So then this Saturday, it's a different person each time, I think, whoever has the winning bid gets some that week. This guy, and again, I'm not trying to be mean but you know when someone has an overwhelming smell and you're packed in like sardines, it's not the most pleasant thing in the world.
And it wasn't BO. I couldn't quite tell what it was. He smelled like a combination of fabric softener and beans. And it started to turn my stomach a little bit. And again, I'm not trying to be rude but when you have to smell, it's like having to smell cigarette smoke for a long time. I don't understand why he smelled like fabric softener and beans.
But anyway, and then the sun was blazing down and he had his jacket all on top of his head. [Laughter] I don't know why. Again, just bunched up, just balancing on top of his head. So you really couldn't see much of his head except for the binoculars sticking out.
And they were high-powered binoculars. And he hardly ever looked at the field. He was like scanning the crowd. So I don't know. I think this is not necessarily the best thing. OK, so anyway, my little Monday morning rant complete, we probably should actually move on with the reason that you guys even downloaded this program.

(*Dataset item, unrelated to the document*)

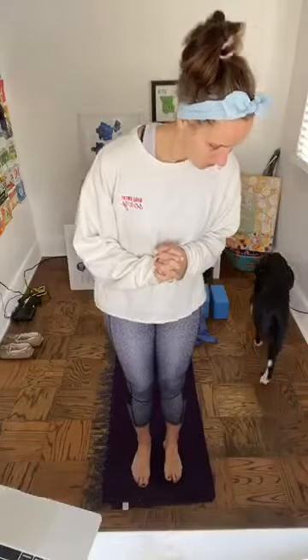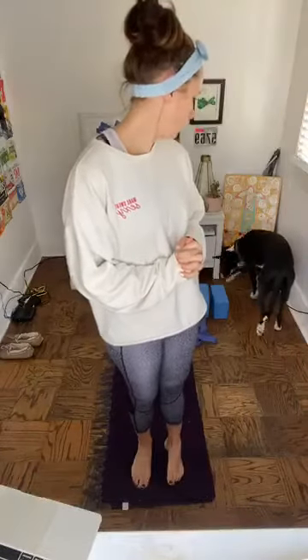A block is recommended today, or a book — something to support your low back for bridge pose. Also have something soft to put underneath your knees, like a towel or blanket. Those are the two important things to grab. We'll go ahead and get started. Welcome to Sunday morning yoga — I'm happy that you're here, whether it's your third time or your first time.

It's to talk about pediatric stuff. And the lineup today, over-the-counter infant cough and cold medications are taken off of American shelves. You've probably heard this already but I figure you better hear from me, too.
Good nutrition improves learning and memory in school children. Going back to school can trigger eating disorders.
To give or not to give antidepressants in young people, we'll talk about that.
And speaking of young people, over 1 million of them in California have sexually transmitted diseases. So we'll have a story on that for you as well.
Don't forget if you have a story for us or a question or a comment, something you'd like us to talk about, or if you just wanted to give us your opinion on the show, simply go to pediacast.org and click on the Contact link.
You can also email firstname.lastname@example.org or call the voice line at 347-404-KIDS. 347-404-5437.
Don't forget the information presented in PediaCast is for general educational purposes only. We do not diagnose medical conditions or formulate treatment plans for specific individuals.
If you have a concern about your child's health, call your doctor and arrange a face-to-face interview and hands-on physical examination.
And with that in mind, we'll be back with News Parents Can Use right after this short break.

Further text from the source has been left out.